What to Expect in a Postwar Syrian ‘Assadistan’
President Assad of Syria and his backers took control of the political situation in Syria by turning the tide in their favor on the battlefield. It appears more likely than ever that the Assad regime is here to stay on at least some Syrian territory, and Western leaders seem to be warming up to the idea. So how did the Syrian president improve his appeal after murdering hundreds of thousands of his own citizens? And what would a post-war Assadistan look like?
The president of Syria, who has dealt with his people so brutally that he has become an advertising tool for Sunni jihadists, has rehabilitated his image in the West in two ways.
First, the Syrian regime and its backers declared all opponents of the regime to be Sunni “terrorists” and then turned them into terrorists. At the outset of the Arab Spring, Assad’s media outlets decried opponents of the regime as religious radicals while security forces took ruthless action against them (and released jihadist radicals from prison to co-opt the uprising) in order to radicalize opposition groups. Initially, most Western observers dismissed the early labeling of rebels as terrorists to be little more than regime propaganda.

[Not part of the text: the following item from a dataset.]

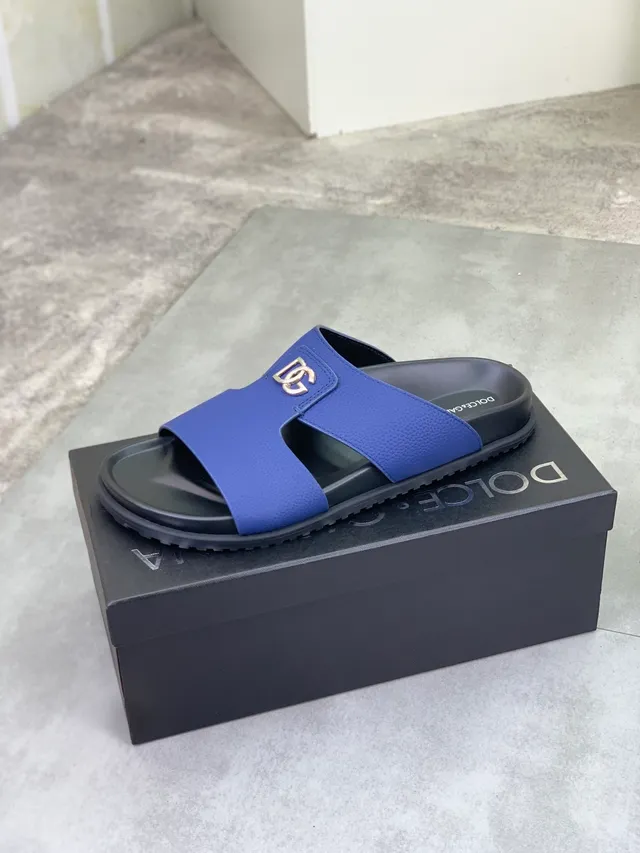 Dolce & Gabbana Portofino Bleu cuir grainé DG Logo chaussons 4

The rise of ISIS has changed everything. The relative appeal of the actors in the Syrian civil war was no longer evaluated on democratic tendencies and Western orientation, as the United States and its allies realized the urgency of the threat and could no longer depend on the success of small programs to vet and train a few dozen troops. They needed to consider which groups had both the desire and the ability to beat ISIS. The fact that in many senses Assad’s sectarian policies and brutality had created and fueled ISIS was ignored in favor of the short-term need to defeat the latter. Likewise, pragmatic local cooperation between Assad and ISIS in electric plants and oil refineries was overlooked in favor of highlighting the ideological clash between the Baathist Alawite regime and the Salafi jihadi rebels (after all, when have we ever seen cooperation like that before?). Thus, the Assad regime and its Shia backers seemed like perfect partners to fight radical Sunni groups that posed a growing threat to Western interests at home and abroad.
In the context of ISIS, it was only too easy for Putin to act as Assad’s hype man. At the United Nations General Assembly in September the Russian president said, “We think it is an enormous mistake to refuse to cooperate with the Syrian government and its armed forces, who are valiantly fighting terrorism face to face.” Putin has repeated variations of this propaganda piece countless times, though John Kerry claims the Russians disproportionately targeted legitimate opposition groups. Yet, somehow it even seeped into the intelligence community’s 2016 Worldwide Threat Assessment explanation that “Moscow's growing concern about ISIL and other extremists has led to direct intervention on the side of Bashar al-Asad's regime and efforts to achieve a political resolution to the Syrian conflict on Russia's terms.”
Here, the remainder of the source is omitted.